Yurttaş olarak, yukarda sadece birkaçına değindiğim yanlış karar ve siyasetlerin sorumlusu kimler diye sorma hakkımız var. Cevap ise çok basit: Kim/kimler yönetiyorsa, bu kararları kimler almışsa onlar. Su götürmez gerçek: Türkiye’nin iç ve dış siyasetinin hâlihazırda tek bir kişiye bağlı olduğu. Kararları o alıyor, politikayı o çiziyor.
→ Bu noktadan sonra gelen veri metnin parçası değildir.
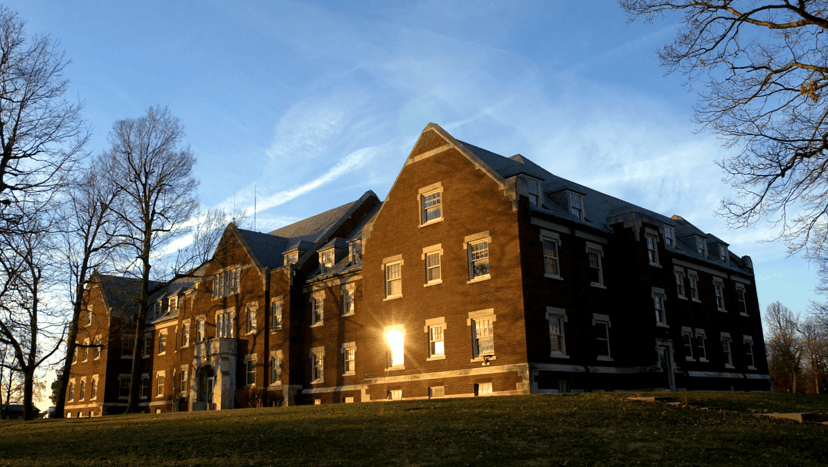 Brick buildings of the former Central State Hospital in Indianapolis at sunset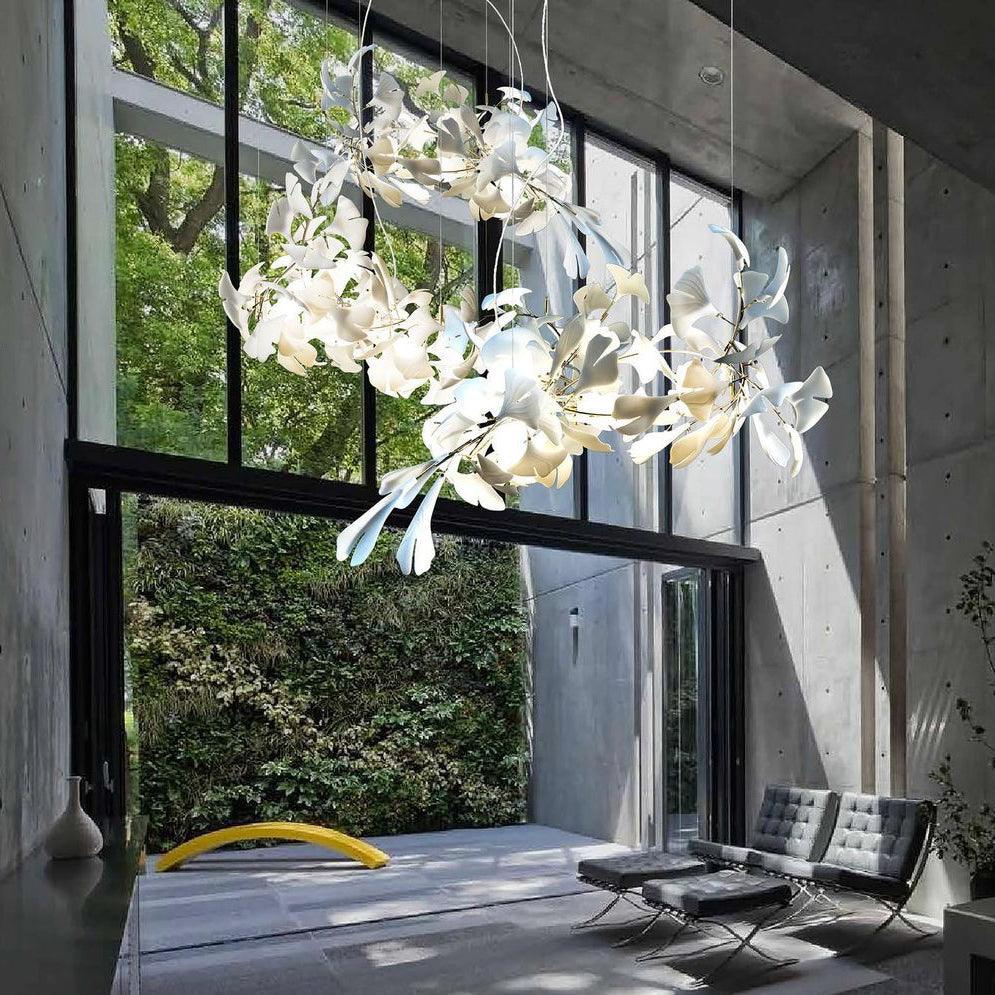 artistic-gingko-branch-chandelier-with-handcrafted-white-ceramic-leaves-and-gold-finish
Gerisi boş laf.
Oylarımıza sunulan anayasa değişiklikleriyle, savaş ilanından bütçeye, OHAL ilanından KHK’lara bütün yetkilerin tek bir adama verilmesi isteniyor. Bu, zaten şu ânın fiilî gerçeği. Anayasa değişiklikleriyle yapılmak istenen, yer yer suça yaklaşan bu yanlışların baş sorumlusunu ve çevresini anayasal zırhla koruma altına almak ve tek adamın yanlışlara yanlışlar katmasını meşrulaştırmak.
Referandumda HAYIR oyu kullanmanın pek çok gerekçesi var. Sonu savaşa varabilecek yetersiz ve şaşkın bir dış siyasete onay vermemiş olmak, bu gerekçelerin en önemlilerinden biri bence. Geleceğimizi karartacak vahim yanlışlara ortak olmamak için, halkımızın ve bölge halkının daha fazla acı çekmemesi için, barışçı bir gelecek inşa edebilmek için HAYIR diyoruz.